Because it’s lacking in character and charm, Zarautz is not my favorite village, but it’s certainly worth a day trip. The best thing to do there is have some food, right on the beach, at Hotel Restaurante Karlos Arguiñano, which is named after the famous chef that runs it. I caught these kids standing in the spray of an incoming tide, crashing against the beach promenade.
San Vicente de la Barquera is another of those special villages that delivers all three Spanish delights: beaches, great food, and interesting streets sights. The city lies protected within an estuary, and every day, tourists parade across this bridge to reach the beaches along the ocean, offering more than a mile of sand, and great surfing spots.
If your passion is great restaurants and cute village scenery, you should probably skip Celorio. But if you love beaches, give this small village in Asturias another look. In a day’s walk you can trip across five or six hidden coves, each one unique and special. Getting up early one day, I captured a man and his teenage daughter strolling past the empty lifeguard stand on Playa de Borizo, and taking in the rising sun before others crowded the beach.
San Vicente de la Barquera has one of the longest beaches on Spain’s northern coast. It’s so long, that it actually changes names about halfway down its mile-long stretch. If you stay out past sunset, you can catch the surfers on their final waves, before everyone heads back into the village to drink and eat.

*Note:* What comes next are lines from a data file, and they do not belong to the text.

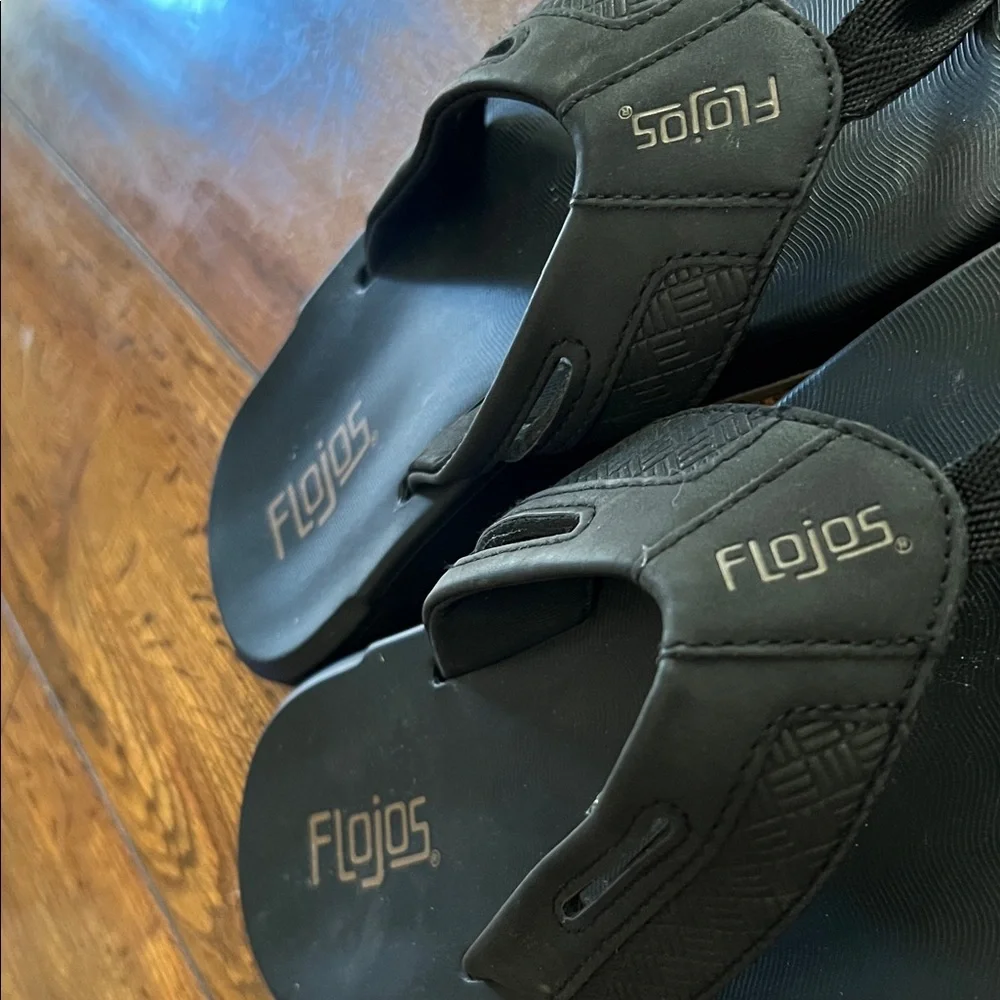 Flojos Black Sandals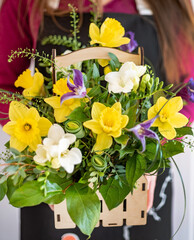 nice bouquet in the hands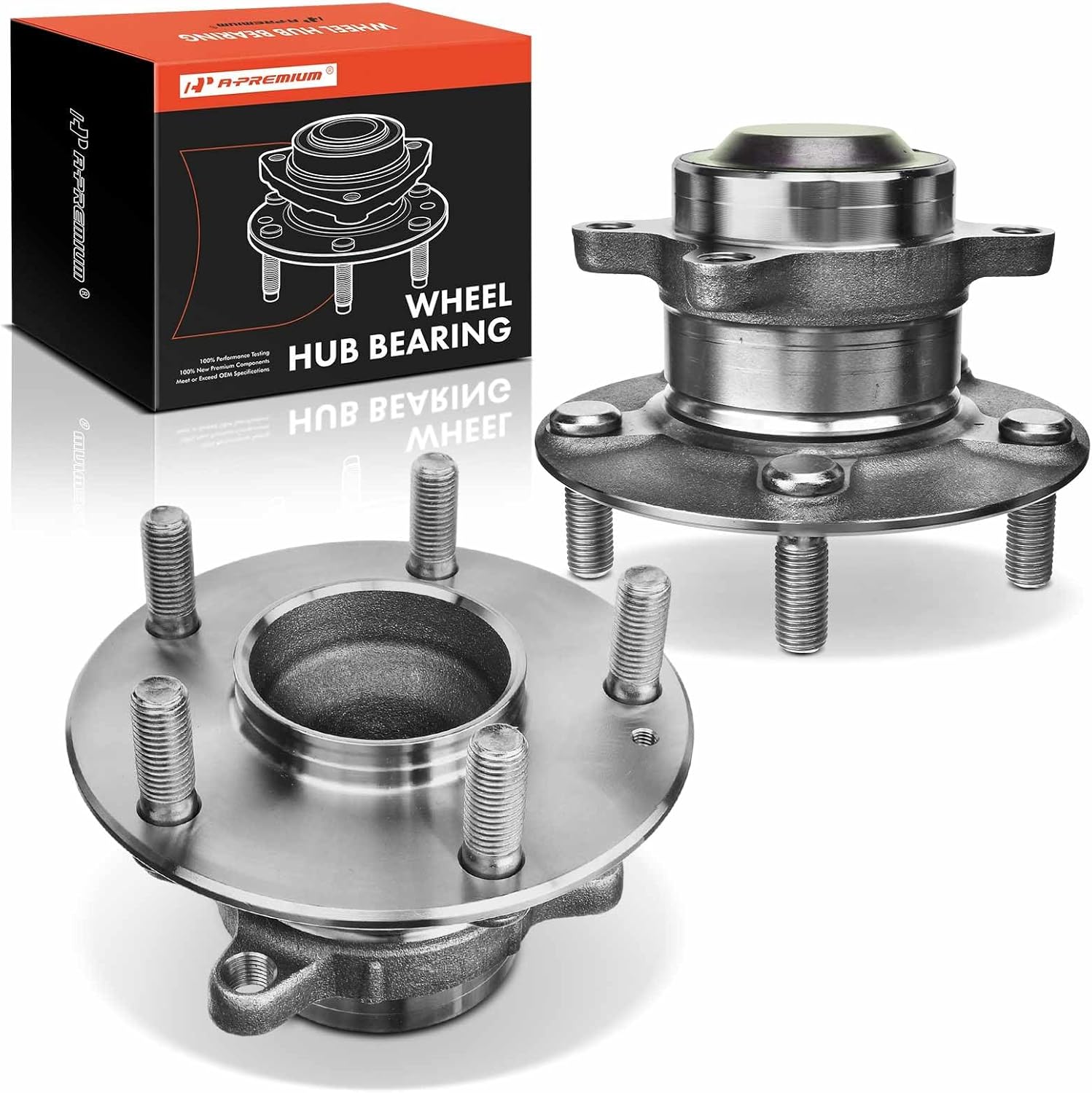 A-Premium 2 x Rear Wheel Bearing and Hub Assembly with 5-Lug Compatible with Honda Civic 2016-2021, Insight 2019-2022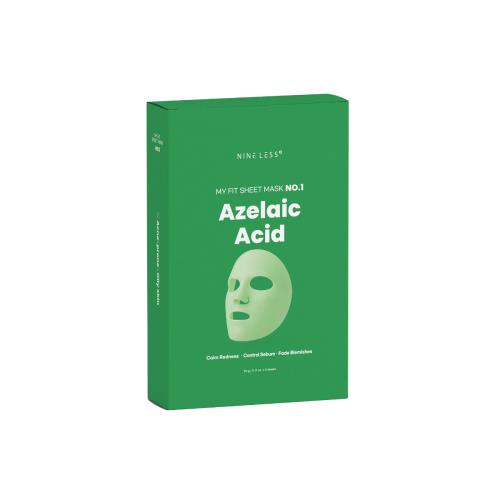 [NINE LESS] My Fit Sheet Mask No.1 Azelaic Acid (5ea) - Baifumei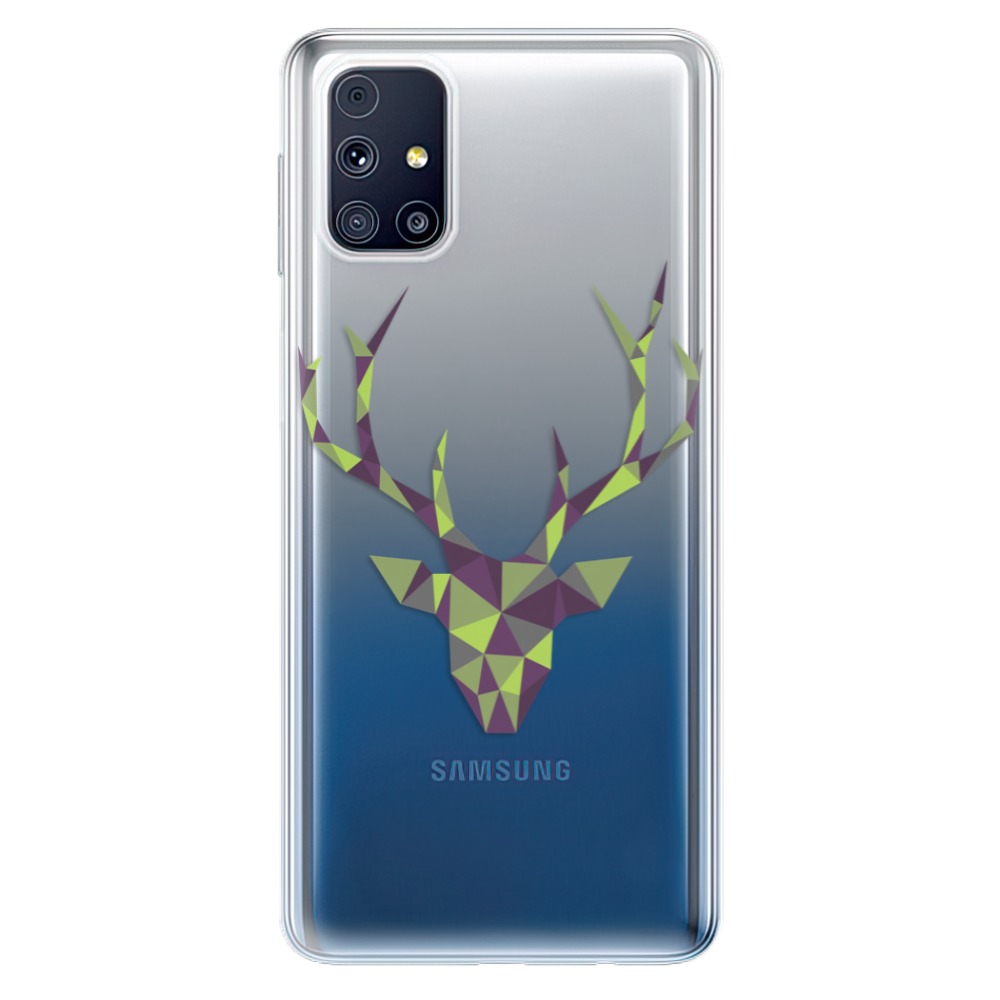 Odolné silikonové pouzdro iSaprio - Deer Green - Samsung Galaxy M31s
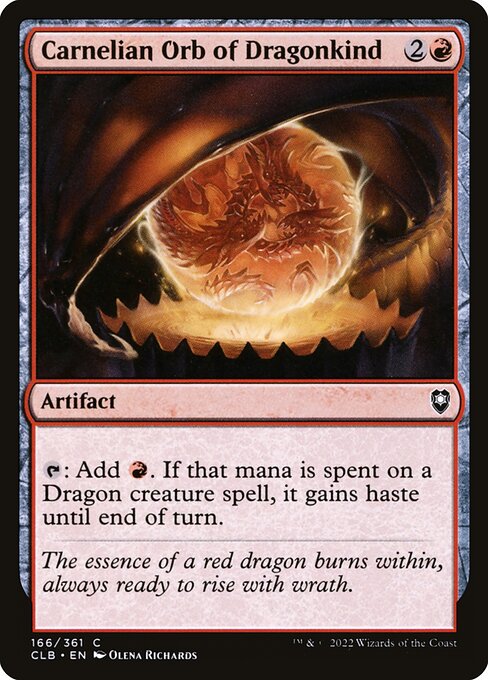 Carnelian Orb of Dragonkind (166) [Commander Legends: Battle for Baldur's Gate]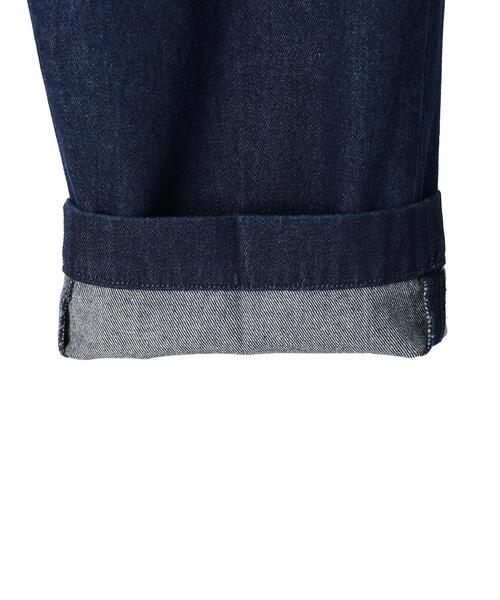 koe（コエ）の「【MENS】デニムタックスラックス*（デニムパンツ・メンズ・ライトインディゴブルー/ワンウォッシュ・M/L）」の11枚目の写真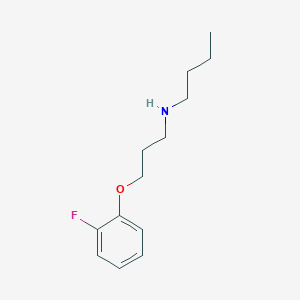 N-[3-(2-fluorophenoxy)propyl]-1-butanamine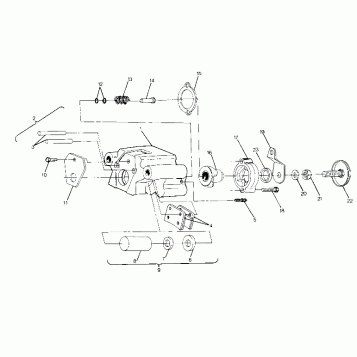 Rear Brake Assembly (4916341634030A)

Of course, sometimes the best plan is having no plan. When the villages we wanted to visit had no rental vacancies one summer, we ended up at Luarca. What a great mistake. This village has tucked itself along a river valley, and trails lead to excellent hikes in the mountains that fold around it. Several restaurants and bars scatter through the streets that lead to the beach, where I found kids enjoying the sun and a game of football, with the field’s boundaries scratched into the sand.